• _Task prompt_
Find the line with "Rick Owens Drkshdw" and the line with "Hilfsbrücke über die Ill" in the entries below; output exactly those two lines, every line between them, and no others.

• _The data_
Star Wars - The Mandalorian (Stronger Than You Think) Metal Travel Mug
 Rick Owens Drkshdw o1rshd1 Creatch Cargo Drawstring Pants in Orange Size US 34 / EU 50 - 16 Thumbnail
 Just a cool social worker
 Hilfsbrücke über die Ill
==
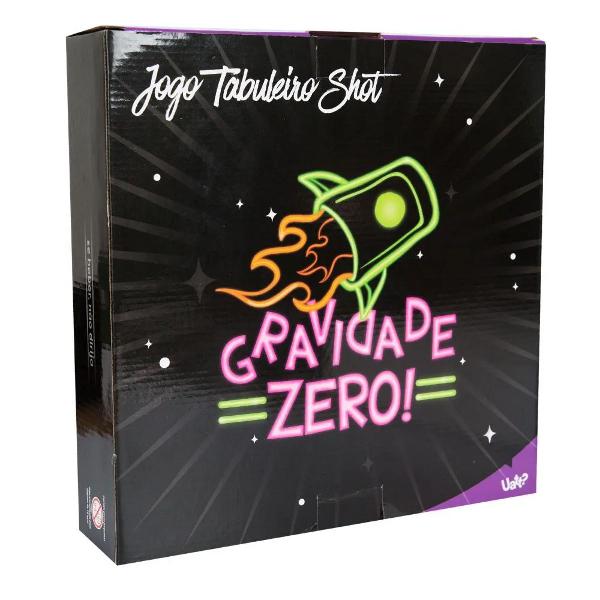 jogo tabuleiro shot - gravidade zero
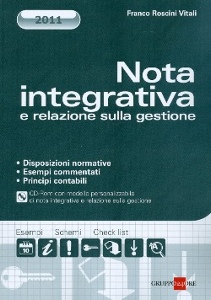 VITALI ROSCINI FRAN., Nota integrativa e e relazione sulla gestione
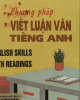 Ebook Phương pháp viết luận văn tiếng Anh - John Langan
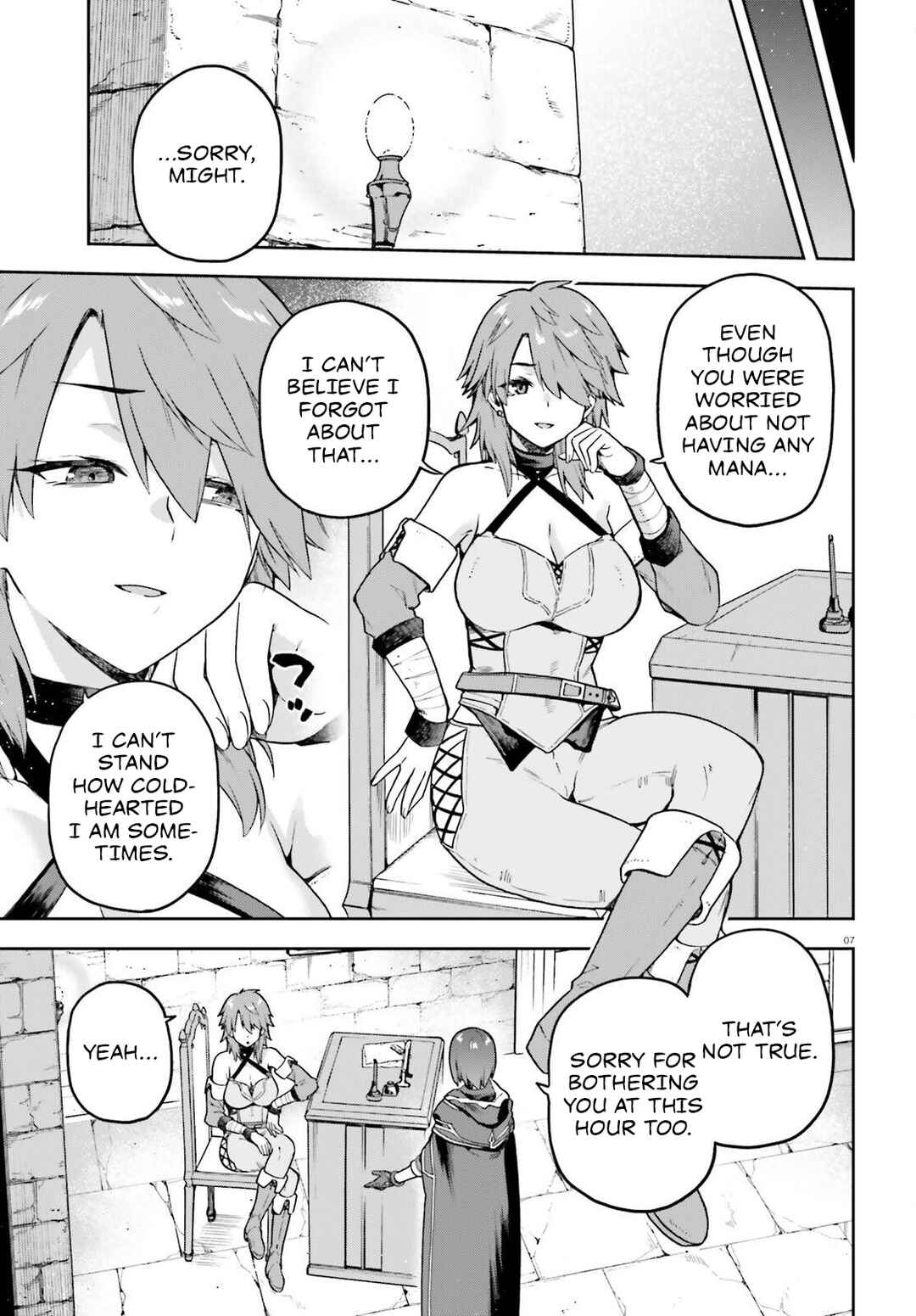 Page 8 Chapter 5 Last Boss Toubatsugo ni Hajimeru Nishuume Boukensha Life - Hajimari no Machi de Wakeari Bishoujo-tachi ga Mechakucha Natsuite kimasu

• _Task answer_
 Rick Owens Drkshdw o1rshd1 Creatch Cargo Drawstring Pants in Orange Size US 34 / EU 50 - 16 Thumbnail
 Just a cool social worker
 Hilfsbrücke über die Ill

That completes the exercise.